20.12.17

The Lacuna

Just look at that beautiful cover. I think that's the reason I picked up The Lacuna at the library book sale, even though I knew nothing about the novel. I had read The Poisonwood Bible many years ago but couldn't remember much about it. So I put The Lacuna next to my bed, and there it stayed. I'm ashamed to say how long it loitered there before it went into hiding in the wardrobe... three years maybe? But finally it's seen the light of day, part of my 'yellow' quota. It counts as a 'yellow' book because its spine is the same colour as the frilly bits at the top of the cover. Apart from that I knew not one thing about it. It was a complete mystery.

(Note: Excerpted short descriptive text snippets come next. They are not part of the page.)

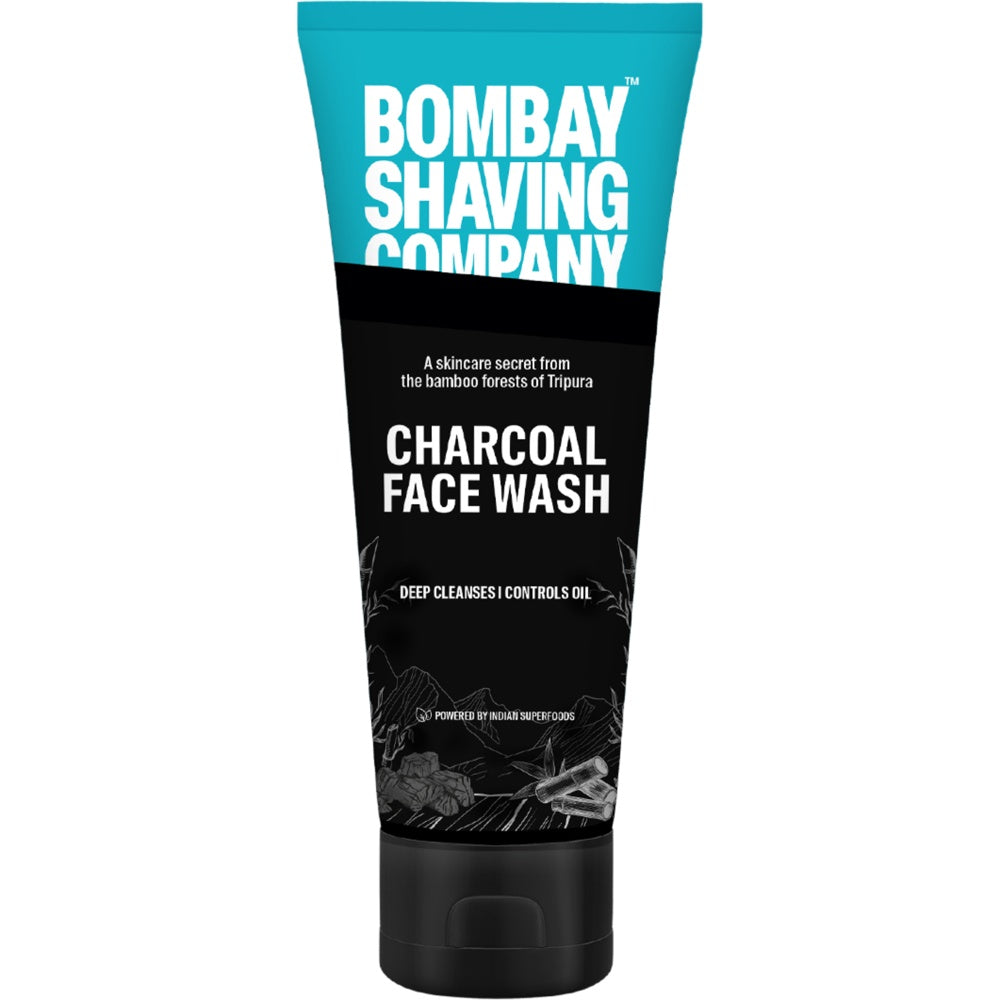 Bombay Shaving Company Charcoal Face Wash 100 g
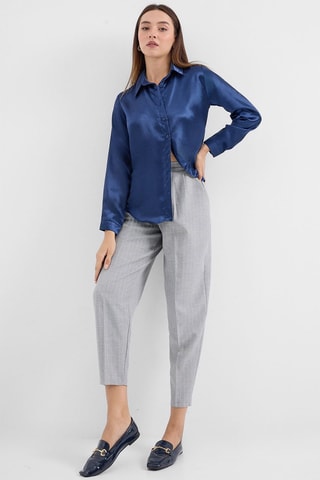 Chemisier - Bleu marine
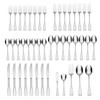 Oneida Colonial Boston 45-Piece Flatware Set, Service for 8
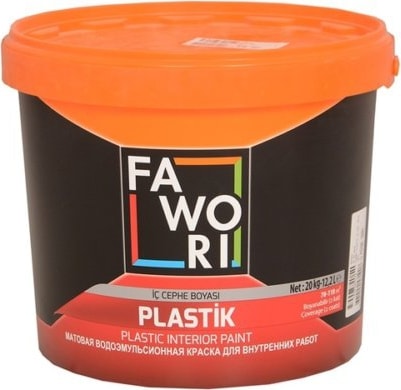 Plastik İç Cephe Duvar Boyası 20Kg Beyaz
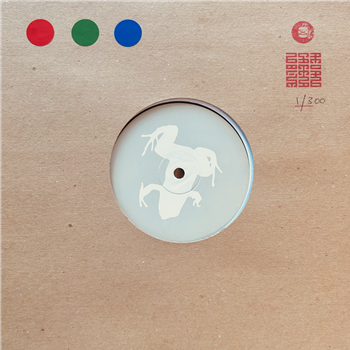 Finn Peters - Red, Green and Blue - 10" - MANTELLA RECORDS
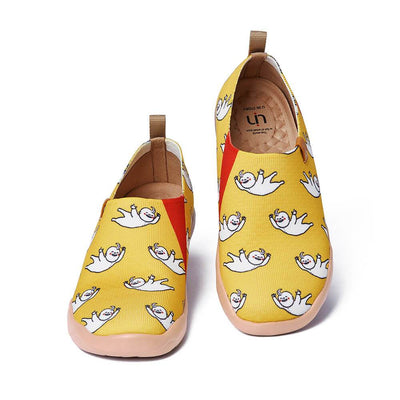 UIN Footwear Kid My Angel Kid Canvas loafers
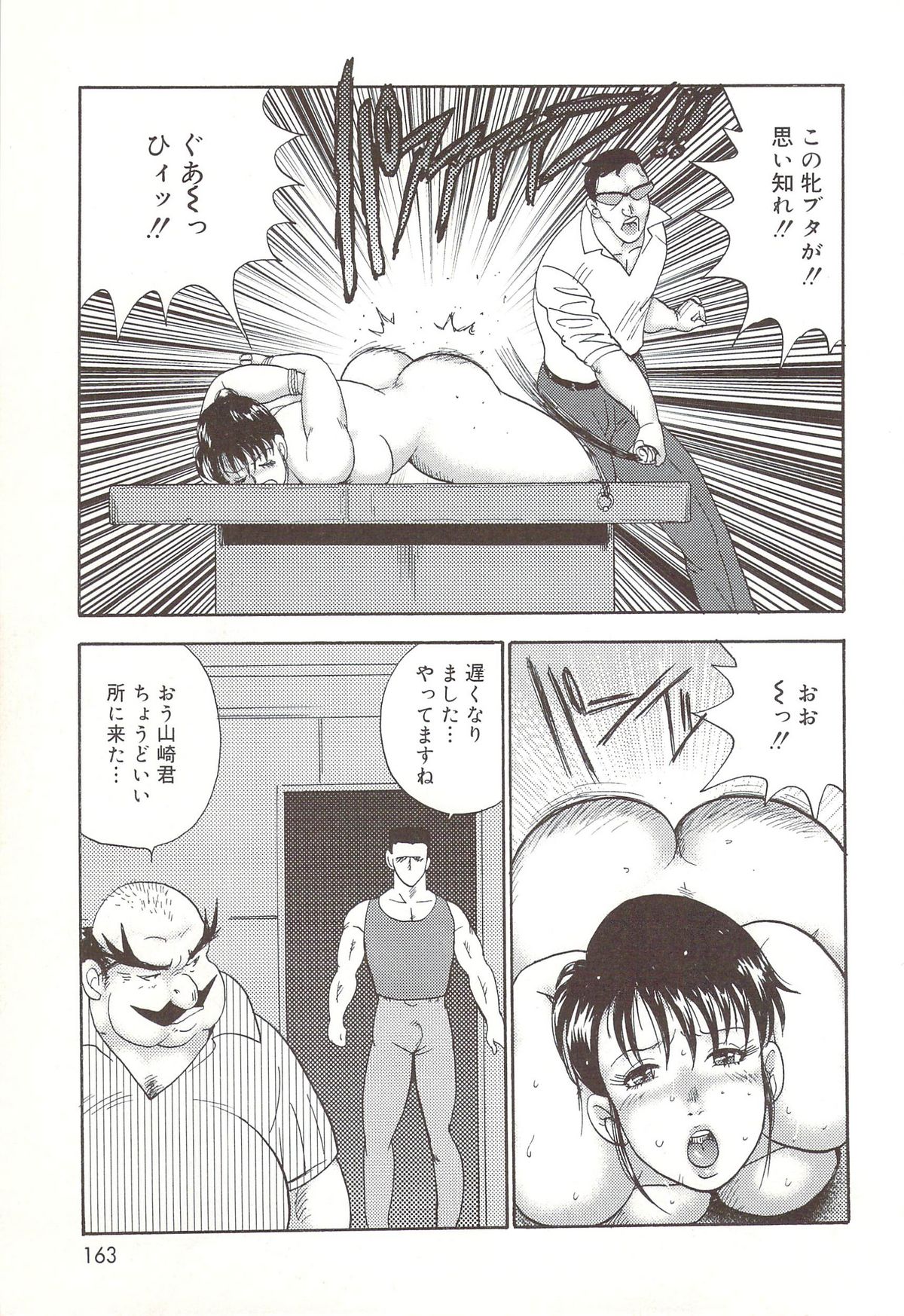 [まいなぁぼぉい] 舞姫恥辱のレッスン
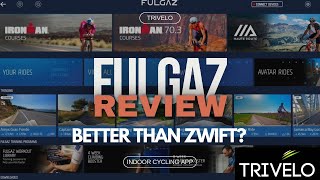 FulGaz Review  the perfect indoor cycling app for Ironman Training [upl. by Marek450]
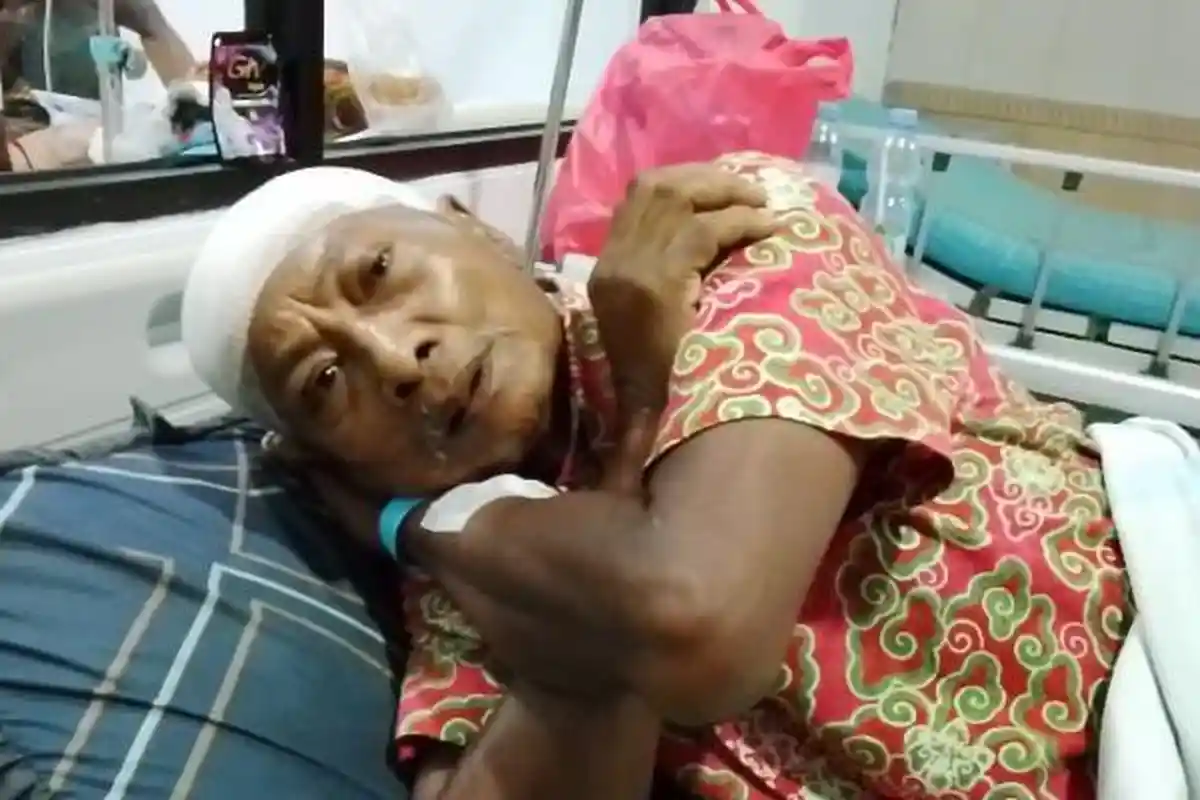 Terbaring di RS, Korban Selamat Pembacokan Jember Mulai Pikirkan Biaya Operasi dan Pengobatan 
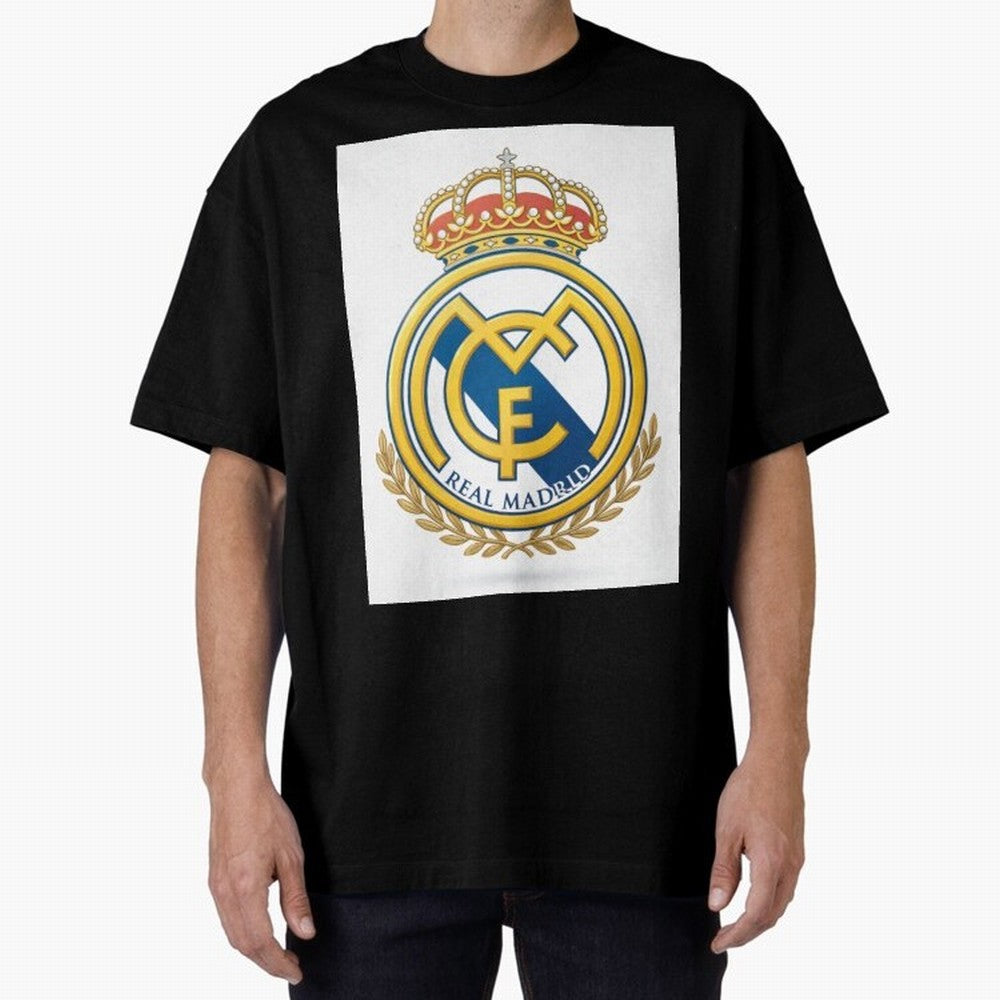 Real Futbol Bernab¨¦u Oversized T-Shirt Bring a Vintage Feel to Match Day Hype around FIFA World Cup 2026 Group Stage, Messi and Cristiano Ronaldo, Spain and Netherlands, Fan Favorite Moments, National Team Passion, Big Match Drama and Soccer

I was about a hundred pages in before it dawned on me that Kingsolver was doing something very technically interesting -- she was writing a first person narration without using the word 'I.' And doing it very effectively, since it had taken me that long to notice!

Harrison Shepherd is a character who seeks to blend in, not stand out. But he finds himself in the centre of some riveting events -- shuttled between Mexico and the US due to his mixed parentage, never feeling entirely at home in either country, he becomes a plaster-mixer for Diego Rivera, no less, then a cook for the Rivera-Kahlo household, and eventually a cook and secretary for Leon Trotsky. I didn't know that Trotsky and Rivera knew each other, or that Trotsky and Kahlo had an affair! After Trotsky's murder (spoilers), Shepherd flees to the US and becomes a best-selling author, before getting tangled in the McCarthy-era Un-American Activities witch-hunts...

I wasn't sure if I was going to enjoy The Lacuna but by the end I was utterly absorbed, and now I want to know more about Rivera and Kahlo and Trotsky, and the Incas and Mexico (I already know enough about the McCarthy trials, thanks). And coincidentally, I was reading about Frida Kahlo just when Salma Hayek published her article about the making of Frida, which now of course I am desperate to see!